Abstracts were due on August 8, 2019.
Abstract Fee and Author Instructions
Ozone, Climate, and Policy: Susan's Contributions Then and Now
Professor Susan Solomon has been a leader on the scientific frontier of the world’s most important environmental challenges and instrumental in the advancement of atmospheric chemistry, climate, and environmental policy. She is best known for identifying the reason for the Antarctic Ozone hole, innovations on climate change irreversibility, co-chairing the first Working Group of the Intergovernmental Panel on Climate Change’s Fourth Assessment Report, and advances in our understanding of tropical cyclone intensities, ozone layer healing, and sea level rise. She has been recognized for accomplishments by innumerable honors that include election to the US National Academy of Sciences, the French Academy of Sciences, the Royal Society (London), the Royal Society of Chemistry (London), and the Acadameia Europaea. She even has pieces of Antarctica named after her: the Solomon Glacier (78°23’S, 162°30’E) and Solomon Saddle (78°23’S, 162°39’E).

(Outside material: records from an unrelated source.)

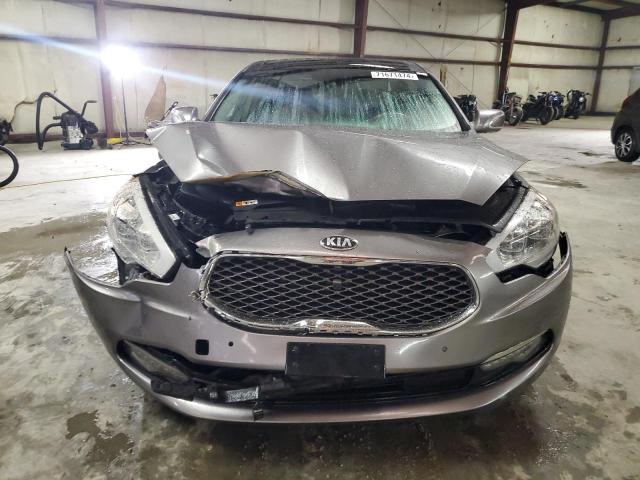 Photo 5 from auction – 2015 KIA K900 with VIN KNALW4D4XF6021120
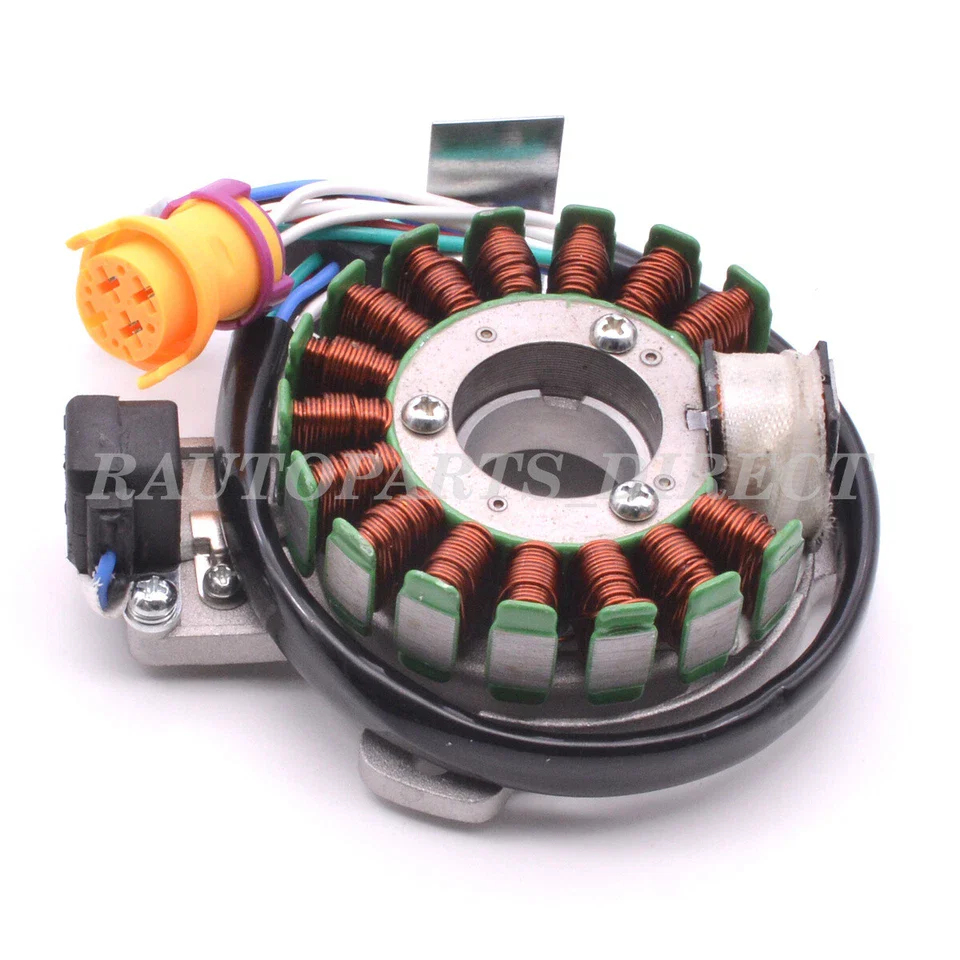 Stator Magneto 16 Coil for Jianshe 250 JS250 Loncin Bashan 250cc 300cc ATV Quad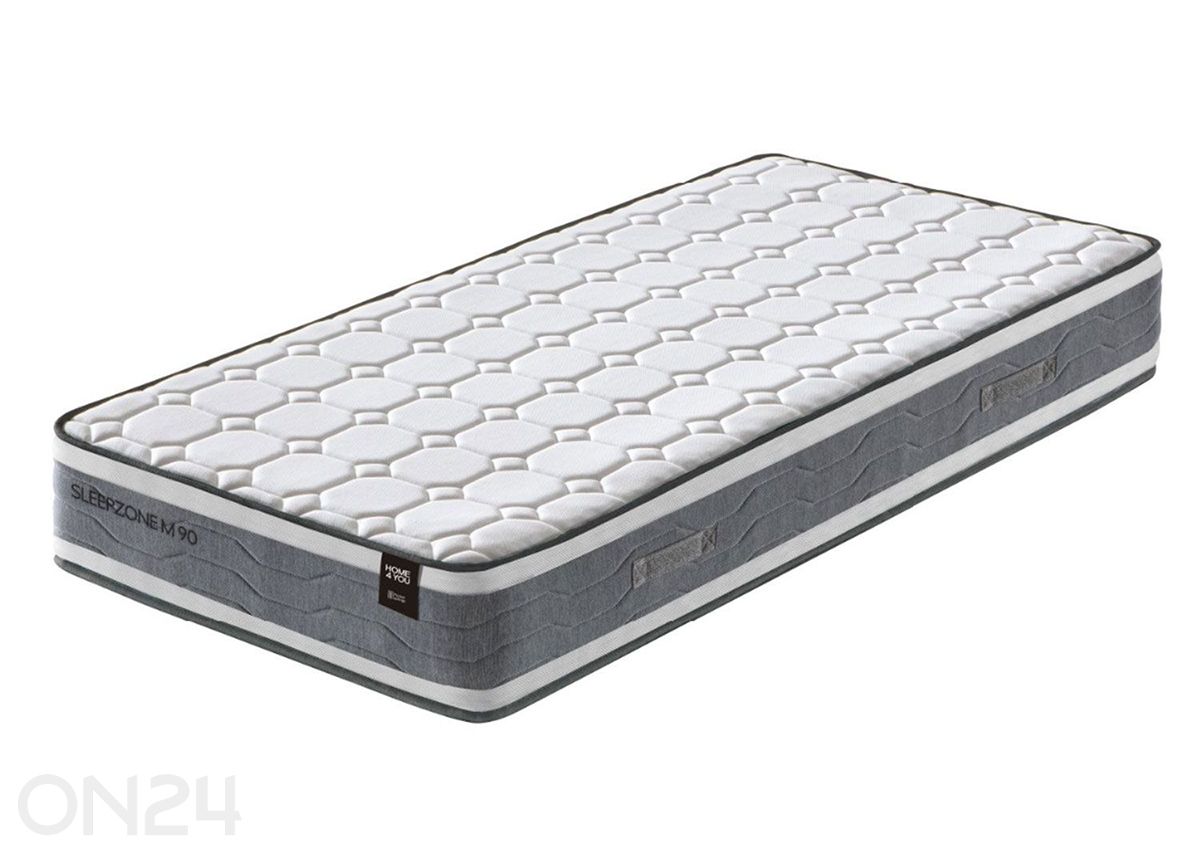 Пружинный матрас Sleepzone M 90x200 см увеличить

This symposium aims to honor Prof. Solomon’s past achievements in and ongoing contributions to atmospheric science. Sessions will highlight the history and future of environmental policy and assessments, breakthroughs in middle atmospheric and ozone science, and provide perspectives on our changing climate—one of the greatest challenges of our time. Each of these three topics will be communicated through invited talks and solicited posters.
Prof. Solomon has also been an inspiration and a mentor to numerous early career scientists, extending far beyond just her students and postdoctoral associates. She has been extremely supportive of scientists from under-represented groups, and in particular women. She was recently involved in the creation of the AMS Women in Science Fund that will provide fellowship, scholarship and travel funds for early career women. Because of Prof. Solomon’s commitment to young scientists, we especially encourage early career individuals to participate in this symposium.